The Yankees continue to sound confident that they'll re-sign Pettitte. But officials of two clubs who have spoken recently with either the Astros or Pettitte's agents, Randy and Alan Hendricks, say they think Pettitte's chances of landing in Houston are stronger than ever.
The Astros have continuously denied that they've made an offer to Pettitte. But one NL executive says his understanding is that Houston has let Pettitte know informally that if he's serious, they're prepared to pay him $30 million over three years.
And an executive of one AL club went so far as to predict that Pettitte will sign with the Astros.
"This guy has already made a ton of money," the executive says. "And he's a family guy. He's not a New York guy. He's done the New York thing and done it very well. But my feeling is, if three for $30 million is there from Houston, he'll take it."
If Pettitte does listen to his inner Texan, don't look for the Yankees to turn to Kevin Brown.
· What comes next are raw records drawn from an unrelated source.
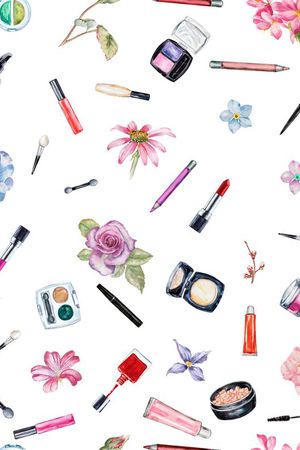 手绘花卉印花华亿平台图片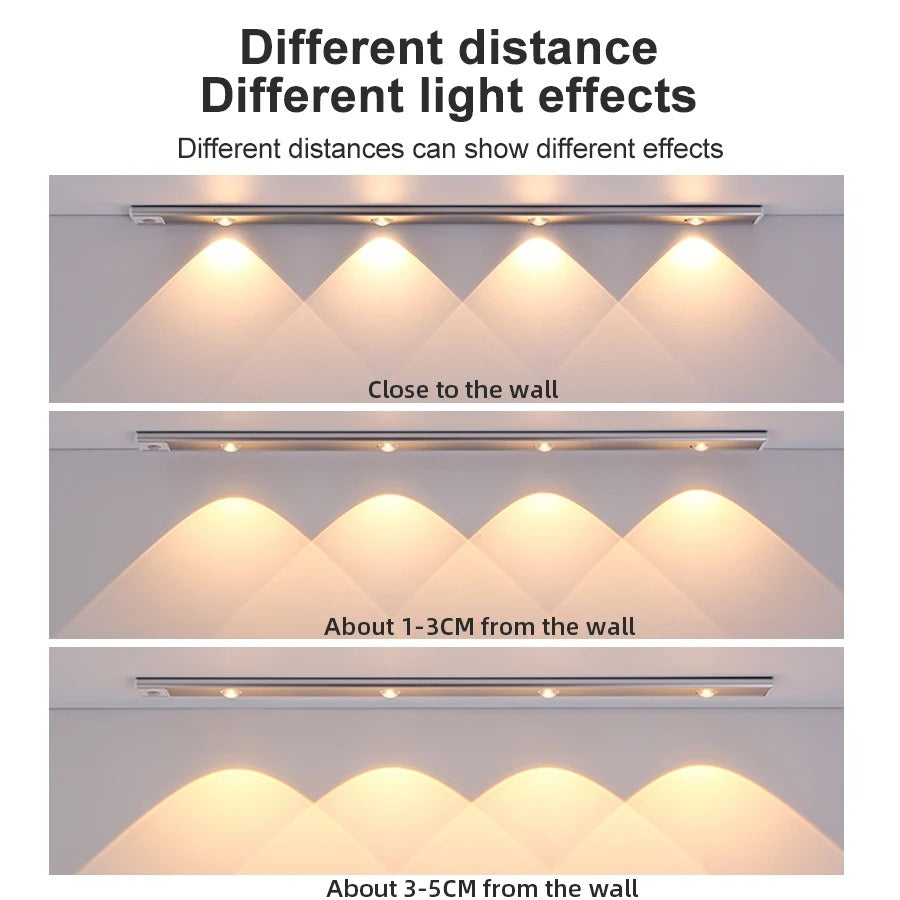 Sleek LED Motion Sensor Cabinet Light – Illuminate Your Space Effortlessly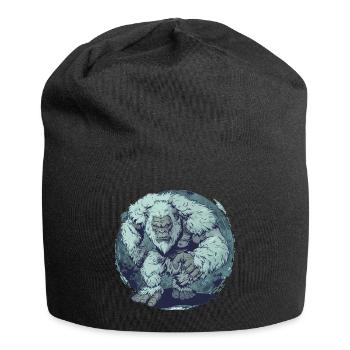 Yéti - Bonnet en jersey - noir - Devant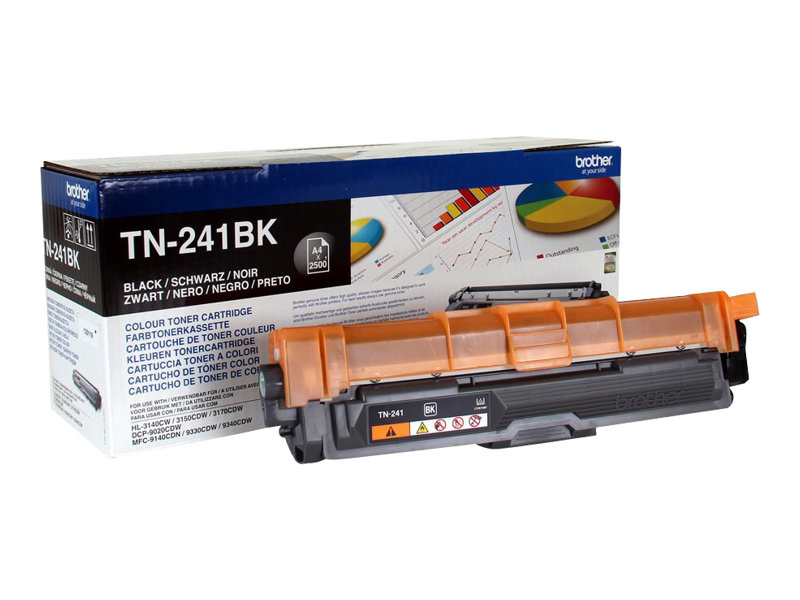 Brother TN241BK - Schwarz - Original - Tonerpatrone - für Brother DCP-9015 - DCP-9020 - HL-3140 - HL-3150 - HL-3170 - MFC-9140 - MFC-9330 - MFC-9340 Brother TN241BK - Schwarz - Original - Tonerpatrone - für Brother DCP-9015 - DCP-9020 - HL-3140 - HL-3150 - HL-3170 - MFC-9140 - MFC-9330 - MFC-9340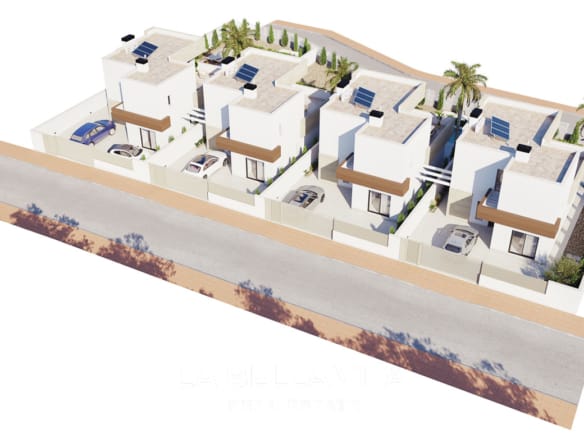 Exceptional New Build Villas with Private Pools near the Beach for sale in Santiago de la Ribera, Murcia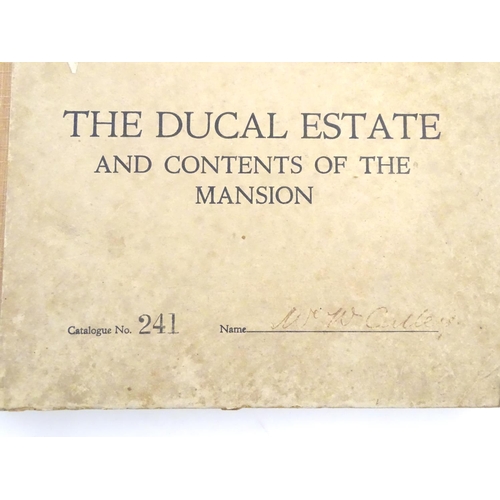 1051 - Book - Local Interest : Stowe , Near Buckingham , The auction catalogue for the nineteen day sale of... 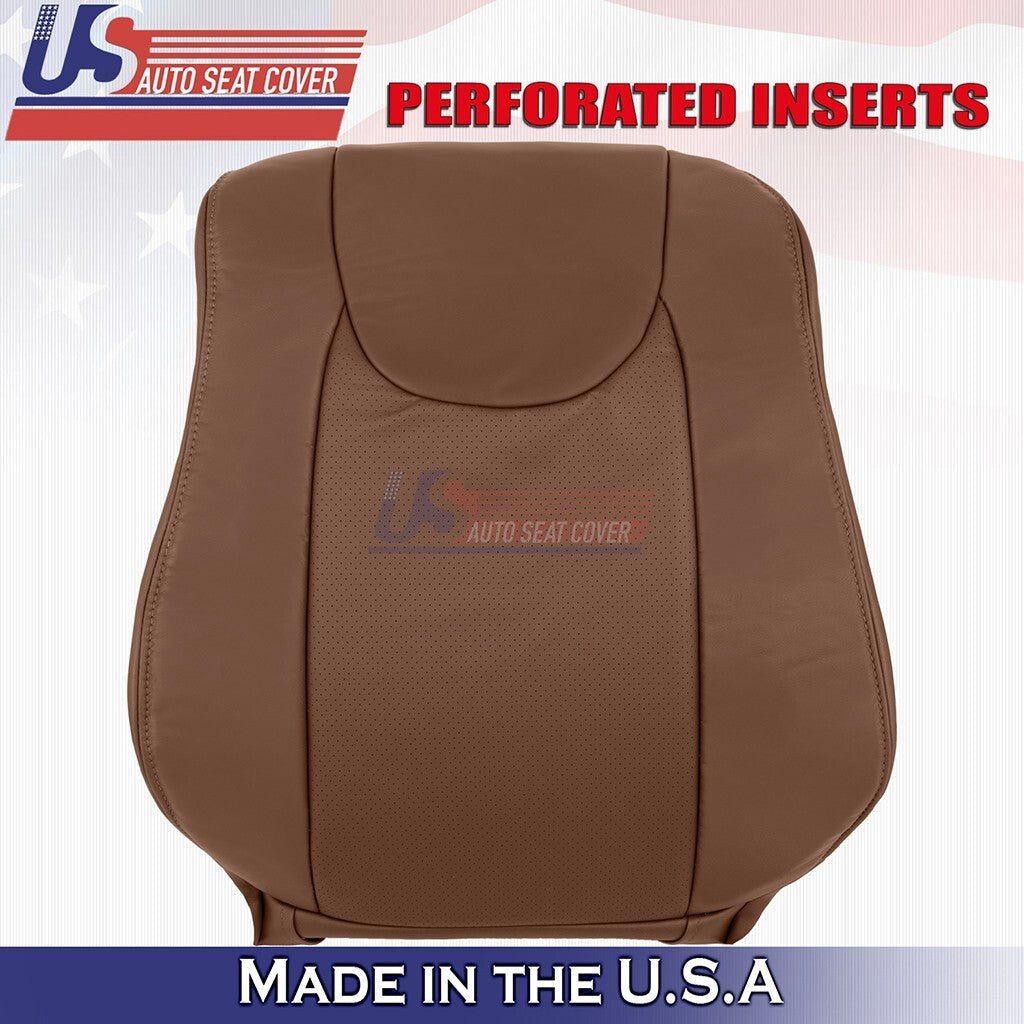 2013 2014 2015 For Lexus RX450h Front Set Bottoms Tops Perf Leather Cover Saddle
According to clubs that have spoken to the Yankees and Dodgers, that option was alive only as part of a three-team or four-team deal that would have ended with Richie Sexson in L.A. Once Sexson became a Diamondback, that killed the Brown-to-New York plot lines.
So with Vazquez traded -- an estimated savings of about $9 million -- it only increases the odds of Vladimir Guerrero returning to Montreal, with a contract backloaded so the big bucks get paid out once the Expos finally move.
The buzz is that the Orioles are prepared to offer Guerrero a five-year contract. But Guerrero is said by friends to prefer a team with a big population of Spanish-speaking, and preferably Dominican, players. And that's not Baltimore.
The Orioles have zero prominent Dominicans. And the only Dominicans (other than September call-ups) who were on their club at the end of last season were Willis Roberts, who was placed on waivers; Tony Batista and Deivi Cruz, who are free agents, and Jose Morban, who might not make the team.
The Orioles do have Melvin Mora, Jorge Julio, Rodrigo Lopez and Omar Daal from Venezuela. Their current roster also includes Luis Matos, from Puerto Rico, and Geronimo Gil, from Mexico. But that's closer to the demographics in Iowa than it is to what Guerrero has been used to in Montreal, where seven of the nine players in the opening-day lineup were from Latin America.
After finding out Javier Vazquez would likely flee after 2004, Expos GM Omar Minaya decided to trade him.